<<<<

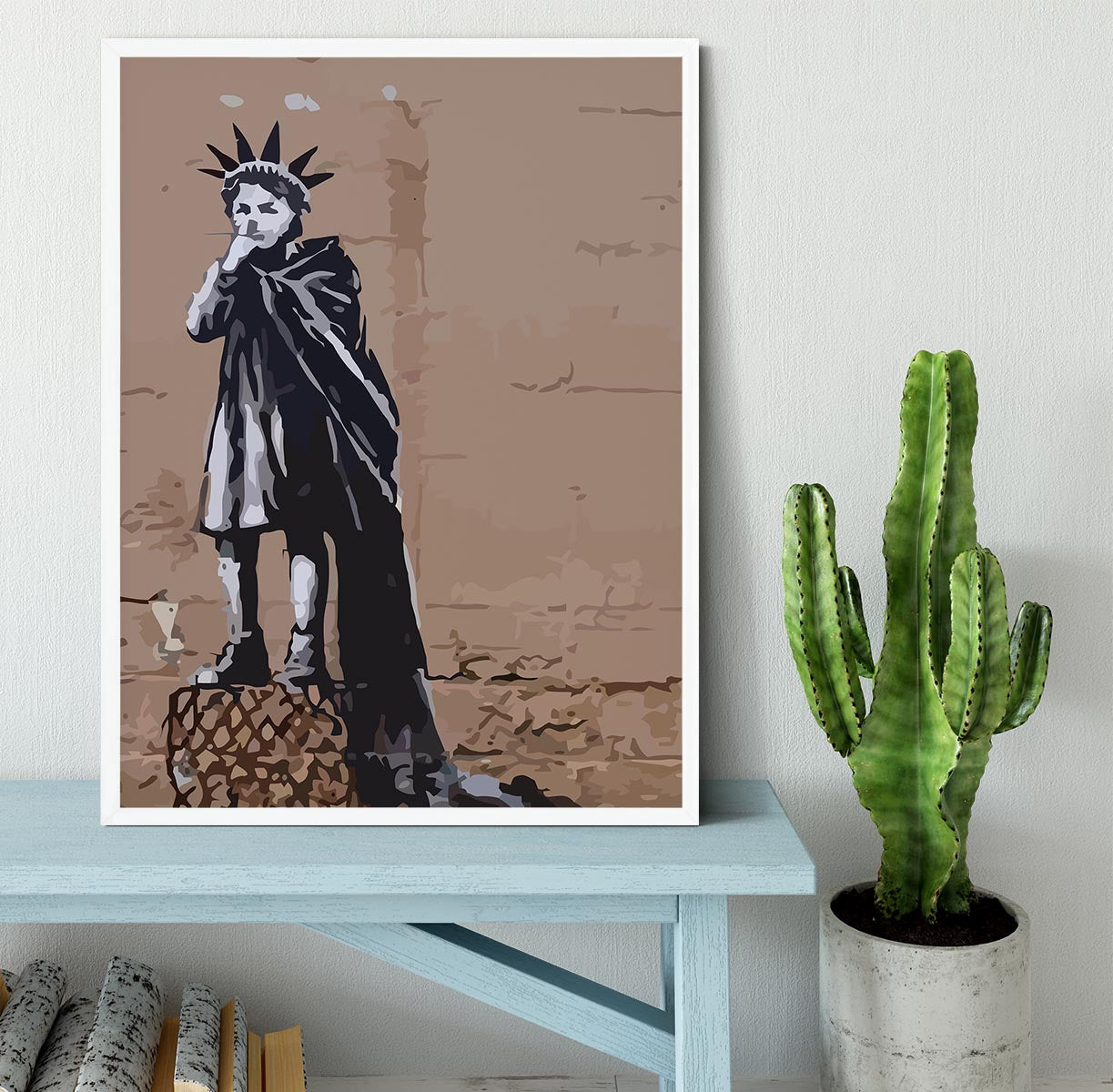 Banksy Empire State Kid Framed Print - Canvas Art Rocks -6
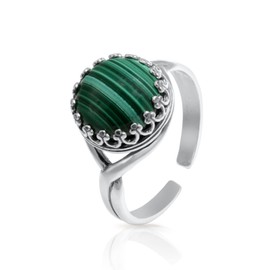 925 Sterling Silver Malachite Rings for Women - Anniversary Rings for Women - Sterling Silver Rings for Women - Dainty Sterling Silver Rings - Sterling Silver Malachite Ring - Anniversary Bands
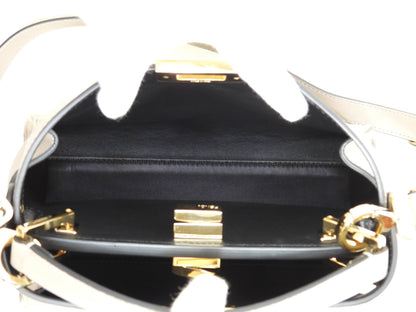 FENDI Peekaboo Mini Essential in pelle grigia, pochette, borsa a mano, in condizioni eccellenti@2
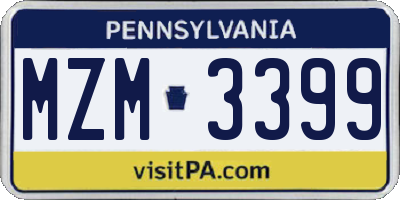 PA license plate MZM3399
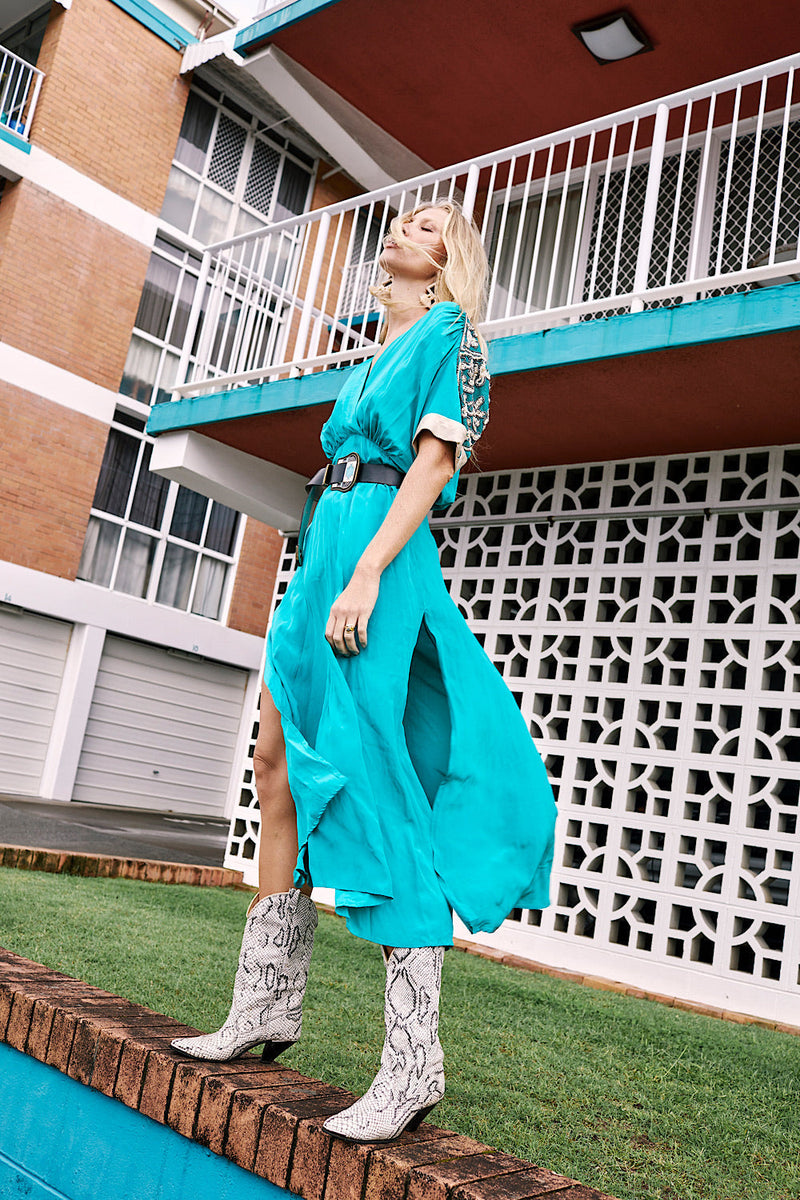 Bed Of Roses Silk + Beaded Dress - Turquoise - Chasing Unicorns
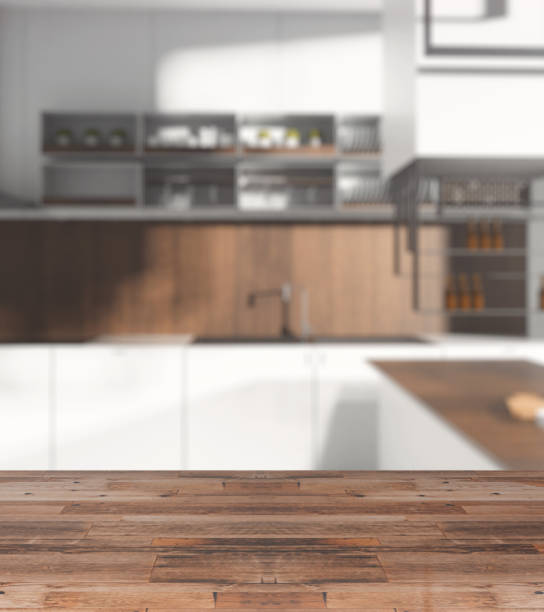 istock Wooden counter on kitchen backdrop 947427386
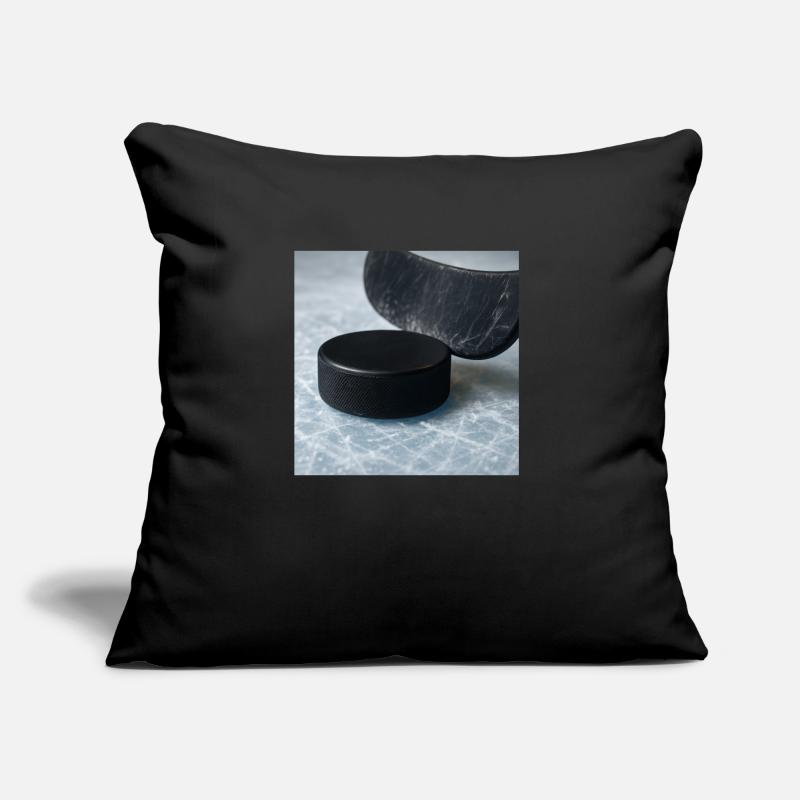 Eishockey - Schläger und Puck Sofakissen mit Füllung 45 x 45 cm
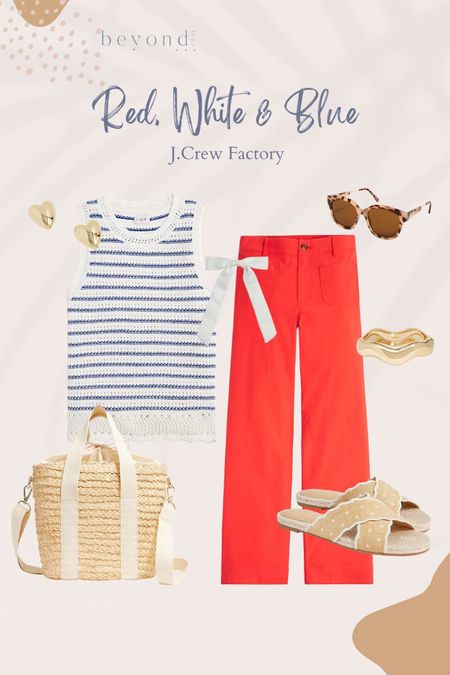 Red, white, blue and preppy! I have these pants in a different color and they are so comfortable! A great option if jeans are too thick for summer. This would be a cute Memorial Day outfit  

#LTKOver40 #LTKStyleTip #LTKSaleAlert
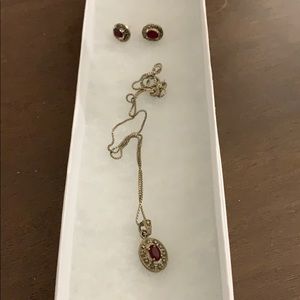 Sterling silver  set ruby gems marcasite stones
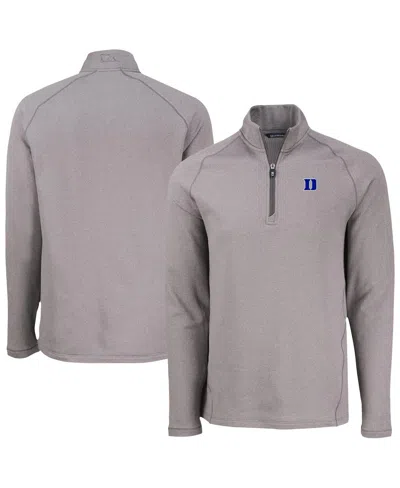 Cutter & Buck Men's Heather Gray Duke Blue Devils Peshastin Eco Fleece Quarter-zip Sweatshirt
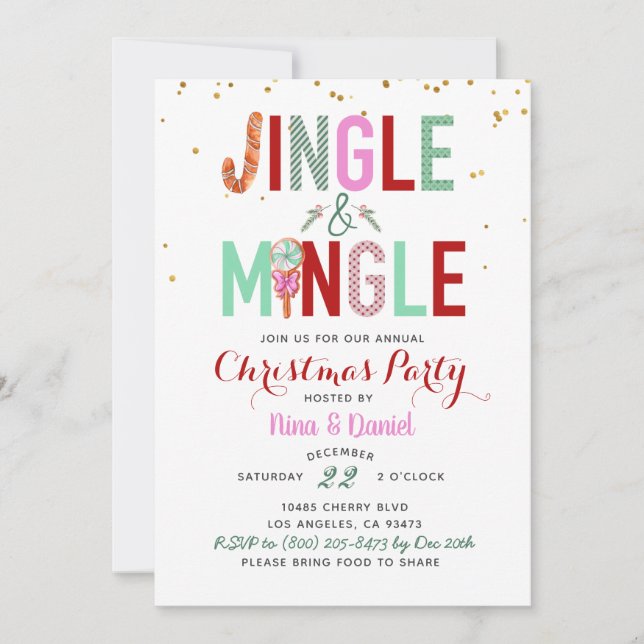 Invitation à la fête de Noël de Jingle et Mingle (Devant)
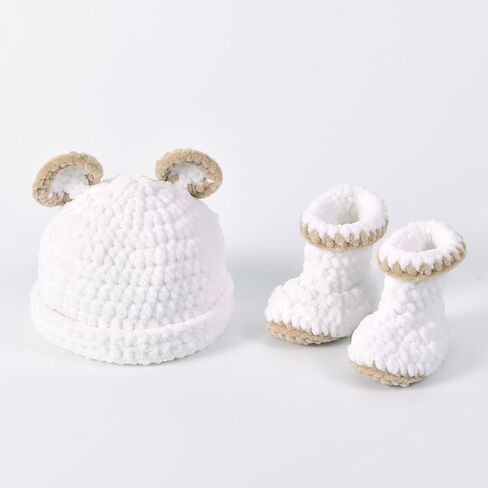 Beginner's Crochet Kit - Create Velvet Baby Bear Beanie & Booties | Knitting Kit for Beginners in Saudi Arabia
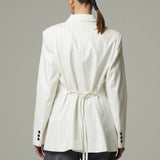 Blazer Cervinia Lino Crudo Rayado
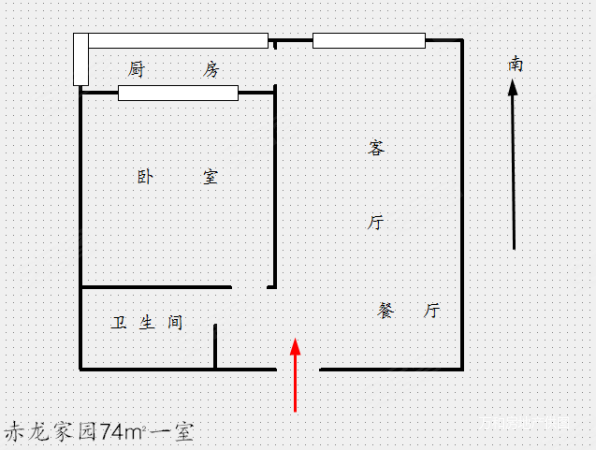 赤龙锦园1室1厅1卫72.5㎡南北38万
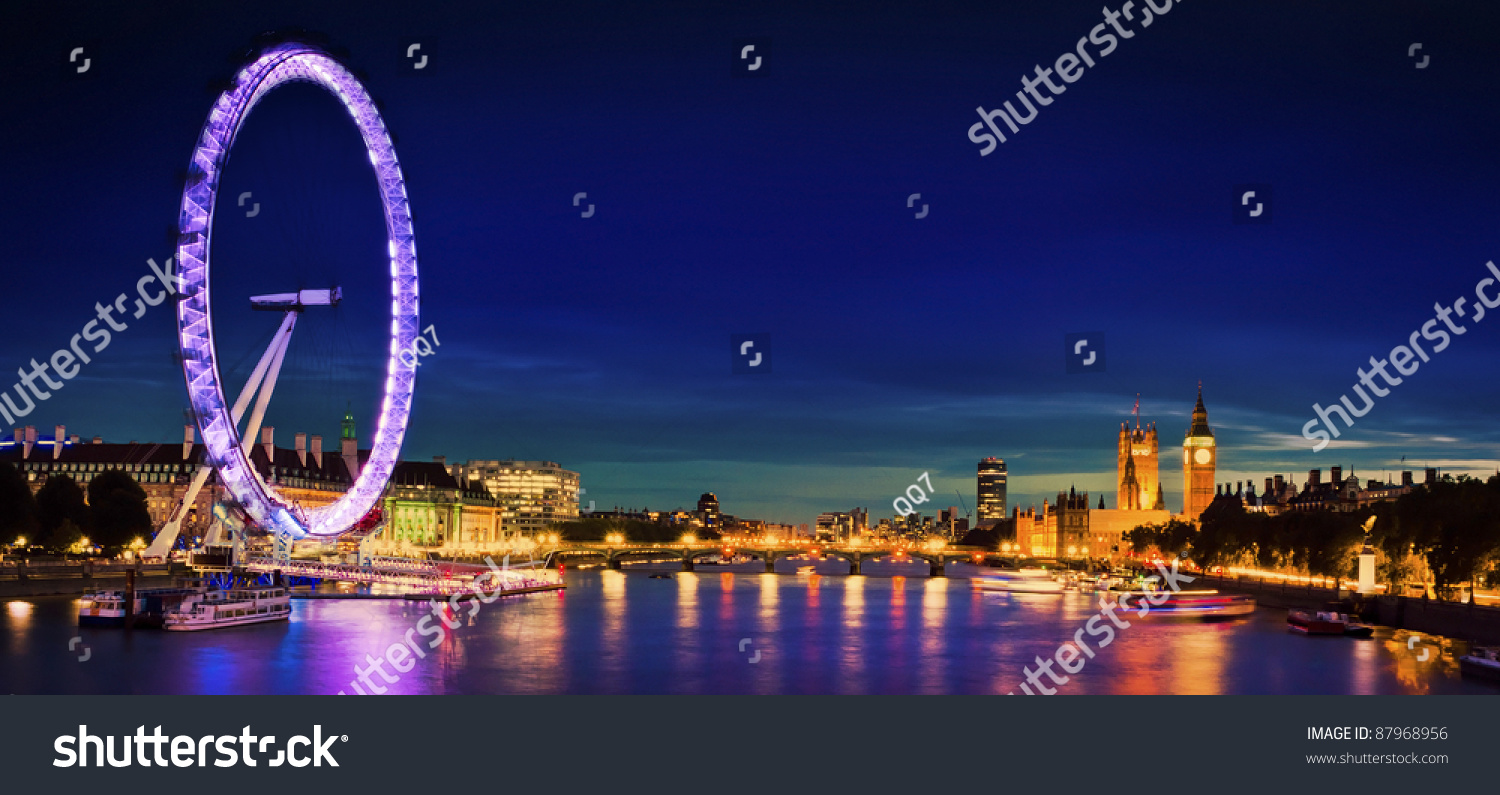 London at twilight. London eye County Hall Westminster Bridge Big Ben and Houses of Parliament.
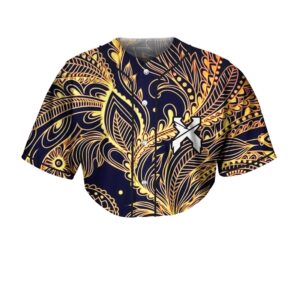 Excision Gold Paisley crop top jersey - Rave Jersey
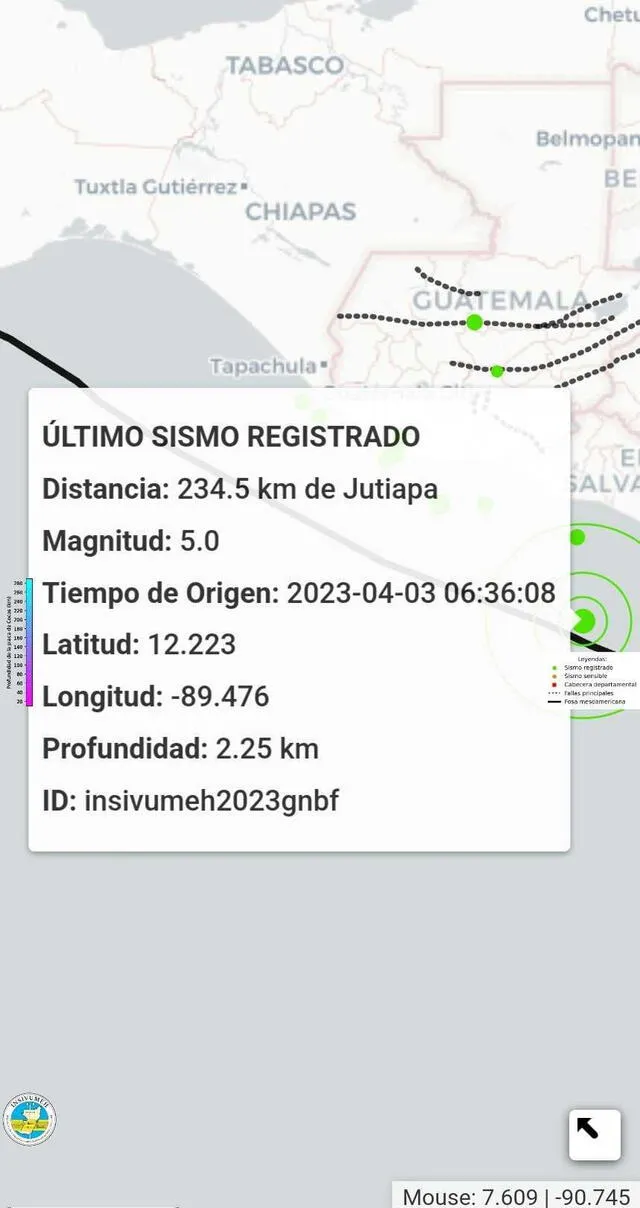 Último sismo en Guatemala del 3 de abril de 2023. Foto: INSIVUMEH    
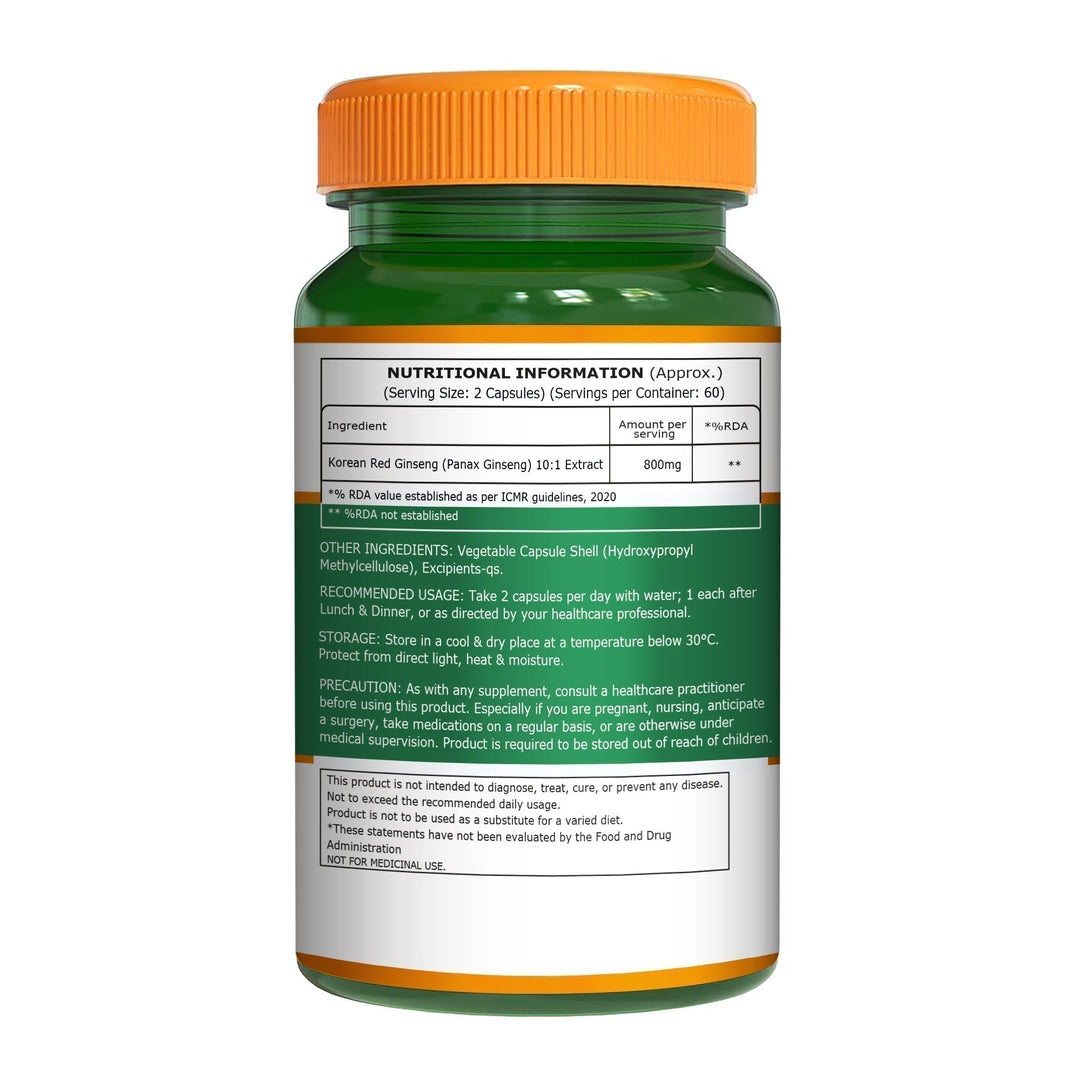 Korean Ginseng (Panax) Capsules 120 Count  Energy, Stamina & Brain Health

>>>>

*Work instruction:* Every entry above should be printed again exactly, except for the pictures.

*Result of the exercise:*
 Banksy Empire State Kid Framed Print - Canvas Art Rocks -6
 925 Sterling Silver Malachite Rings for Women - Anniversary Rings for Women - Sterling Silver Rings for Women - Dainty Sterling Silver Rings - Sterling Silver Malachite Ring - Anniversary Bands
 FENDI Peekaboo Mini Essential in pelle grigia, pochette, borsa a mano, in condizioni eccellenti@2
 PA license plate MZM3399
 Bed Of Roses Silk + Beaded Dress - Turquoise - Chasing Unicorns
 istock Wooden counter on kitchen backdrop 947427386
 Eishockey - Schläger und Puck Sofakissen mit Füllung 45 x 45 cm
 Red, white, blue and preppy! I have these pants in a different color and they are so comfortable! A great option if jeans are too thick for summer. This would be a cute Memorial Day outfit  

#LTKOver40 #LTKStyleTip #LTKSaleAlert
 Sterling silver  set ruby gems marcasite stones
 Cutter & Buck Men's Heather Gray Duke Blue Devils Peshastin Eco Fleece Quarter-zip Sweatshirt
 Invitation à la fête de Noël de Jingle et Mingle (Devant)
 Beginner's Crochet Kit - Create Velvet Baby Bear Beanie & Booties | Knitting Kit for Beginners in Saudi Arabia
 Blazer Cervinia Lino Crudo Rayado
 赤龙锦园1室1厅1卫72.5㎡南北38万
 London at twilight. London eye County Hall Westminster Bridge Big Ben and Houses of Parliament.
 Excision Gold Paisley crop top jersey - Rave Jersey
 Último sismo en Guatemala del 3 de abril de 2023. Foto: INSIVUMEH    
 Korean Ginseng (Panax) Capsules 120 Count  Energy, Stamina & Brain Health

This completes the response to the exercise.